The liberationist will chide back with the rebuttal: what about a 17 year old one minute before midnight on the day of their 18th birthday (the year a child can vote in the United States)? Are they incapable of understanding politics right up to midnight on their 18th birthday? What causes them to be suddenly blessed with the ability and knowledge to vote? The same argument gets even more confusing with age of consent laws, where there is not just one, but hundreds of different age limits, where suddenly children are capable of having sex in one area, but a mile away across the border, the very similar children there are incapable. What manner of science could explain this phenomenon?

It will cause the ageist to scratch their head, possibly never having concluded that there's a difference between 2 year old children and 17 year old children that the law might have missed. In any case, the ageist will retort that they understand the confusion over the exactness and absolute nature of the "one minute before midnight" scenario, but will usually respond by saying, "it's not an exact science, but there has to be an age limit somewhere even if it doesn't match when a child is capable of voting." One should note that this already flies in the face of their previous rationale.

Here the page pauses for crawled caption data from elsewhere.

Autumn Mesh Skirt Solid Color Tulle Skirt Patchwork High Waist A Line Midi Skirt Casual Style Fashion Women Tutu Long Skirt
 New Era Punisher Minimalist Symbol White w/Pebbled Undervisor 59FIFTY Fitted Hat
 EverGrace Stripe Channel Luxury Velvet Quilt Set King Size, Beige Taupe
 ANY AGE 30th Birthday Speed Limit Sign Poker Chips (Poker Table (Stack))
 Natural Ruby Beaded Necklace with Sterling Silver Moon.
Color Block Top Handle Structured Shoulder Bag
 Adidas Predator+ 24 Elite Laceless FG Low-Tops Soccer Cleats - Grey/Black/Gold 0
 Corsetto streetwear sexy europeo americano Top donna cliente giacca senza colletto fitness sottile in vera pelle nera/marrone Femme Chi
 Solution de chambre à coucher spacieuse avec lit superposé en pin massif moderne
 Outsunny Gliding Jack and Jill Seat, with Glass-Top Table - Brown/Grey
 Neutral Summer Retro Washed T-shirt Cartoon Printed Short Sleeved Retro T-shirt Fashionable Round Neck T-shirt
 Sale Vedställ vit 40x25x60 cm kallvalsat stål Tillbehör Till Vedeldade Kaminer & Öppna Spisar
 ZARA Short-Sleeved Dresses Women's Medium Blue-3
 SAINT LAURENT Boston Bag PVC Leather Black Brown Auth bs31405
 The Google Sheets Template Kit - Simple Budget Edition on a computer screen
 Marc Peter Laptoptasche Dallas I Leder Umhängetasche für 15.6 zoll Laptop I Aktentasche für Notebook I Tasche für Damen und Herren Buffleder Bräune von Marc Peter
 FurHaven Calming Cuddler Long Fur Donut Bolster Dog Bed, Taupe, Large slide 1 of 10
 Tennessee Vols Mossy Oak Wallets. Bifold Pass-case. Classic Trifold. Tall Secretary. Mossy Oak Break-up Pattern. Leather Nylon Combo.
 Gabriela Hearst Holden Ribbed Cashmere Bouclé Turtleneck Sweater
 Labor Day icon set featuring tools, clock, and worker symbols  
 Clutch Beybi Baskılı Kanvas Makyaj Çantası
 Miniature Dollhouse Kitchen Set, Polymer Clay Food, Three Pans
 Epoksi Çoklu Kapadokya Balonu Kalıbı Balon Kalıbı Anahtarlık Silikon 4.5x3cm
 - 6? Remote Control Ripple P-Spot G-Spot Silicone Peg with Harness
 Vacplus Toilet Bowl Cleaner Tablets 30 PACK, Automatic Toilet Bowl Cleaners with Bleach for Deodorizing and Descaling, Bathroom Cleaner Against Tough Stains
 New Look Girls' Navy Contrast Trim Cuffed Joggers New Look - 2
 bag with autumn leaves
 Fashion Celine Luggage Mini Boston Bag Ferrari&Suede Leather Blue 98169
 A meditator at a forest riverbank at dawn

The liberationist will chide in immediately with an obvious rebuttal. If what the ageist said is true, that there in fact needs to be a set age even if it doesn't correspond to ability (contrary to the reason the ageist had given in the first case), then why does the age have to be 18? Why not move the age of majority in the US up to 20? Or how about 30, or 40? If we understand that the age limit is arbitrary, but also understand that it must exist anyways, why do we settle on 18 definitively?

The ageist will then come back with how 18 is closer to when a person is capable of understanding politics than 40, and will then normally pretend they agree with the liberationist by recalling particular teenagers who are far more politically astute than their own adult colleagues. They usually do this to show that they are not bigoted about young people, but it does nothing but add to the case the liberationist is making. It's simply the point in the argument when the ageist has run out of explanations, just before settling on the "it is the way it is" rationale, unknowingly forfeiting all their earlier assumptions.

Age limitations have nothing to do with human aptitude. They do not legislate human aptitude. They are merely artificial limitations invented by humans to keep other humans from participating in areas of learning and experience they'd rather reserve for themselves. Lifting age limits on children would not impose the weight of the adult world onto them, and thus become its own form of oppression as critics may suggest. Children who do not have the means, the mind, the capability, the maturity, or the motivation, to make use of the rights newly bestowed on them, such as the right to vote, simply would not vote--just as adults do when they have neither the means, mind, capability, maturity, or motivation to vote. Society has already made it such that adults who are deemed incompetent for any reason are not permitted to bare the burdens and responsibilities that would come with competence--there is no reason to believe that the liberated five year old would be treated any differently than the incompetent adult when it comes to running their own affairs.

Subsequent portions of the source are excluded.